- **Exercise requirements**: The material below contains a line with "Anschaffung eines Rasenmähroboters" and a line with "Location of Stanford Mark Larsen's Grave". Copy exactly those two lines and all lines between them.

- **Records shown**:
-----
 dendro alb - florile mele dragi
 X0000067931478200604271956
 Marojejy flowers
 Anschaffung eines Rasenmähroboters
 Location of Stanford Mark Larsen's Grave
-----
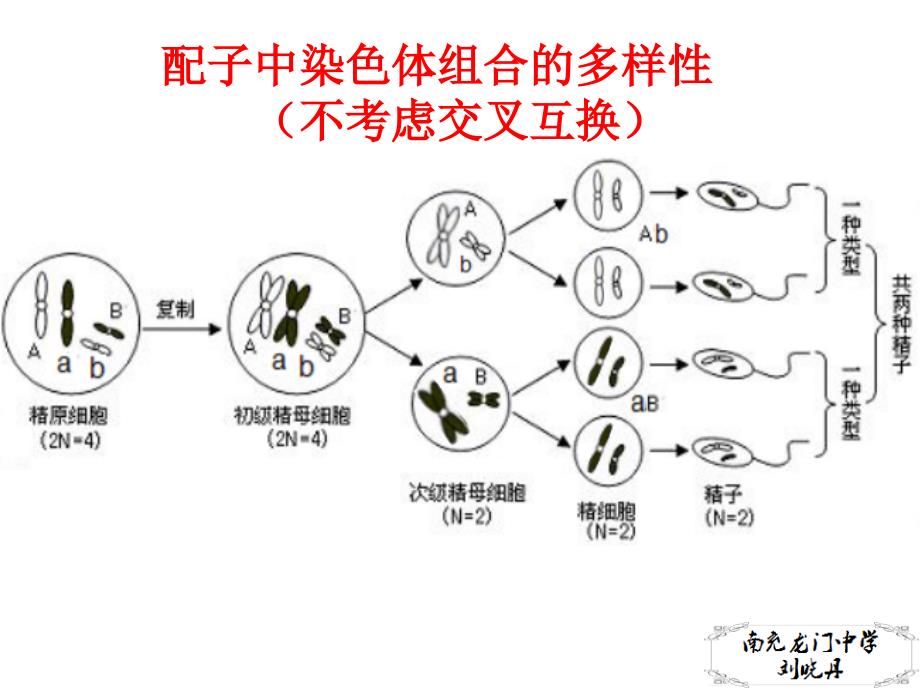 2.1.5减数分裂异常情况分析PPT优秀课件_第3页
-----
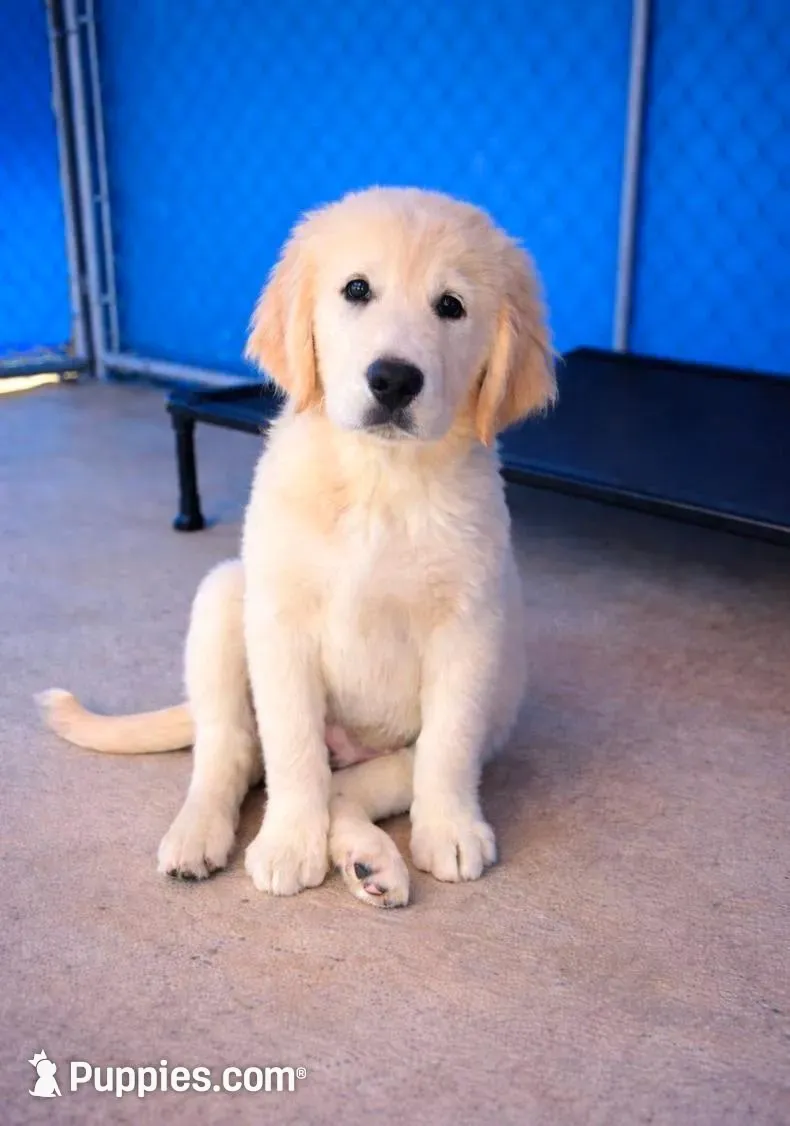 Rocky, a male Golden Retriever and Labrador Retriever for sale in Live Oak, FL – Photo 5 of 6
-----
- **Finished task**:
 Anschaffung eines Rasenmähroboters
 Location of Stanford Mark Larsen's Grave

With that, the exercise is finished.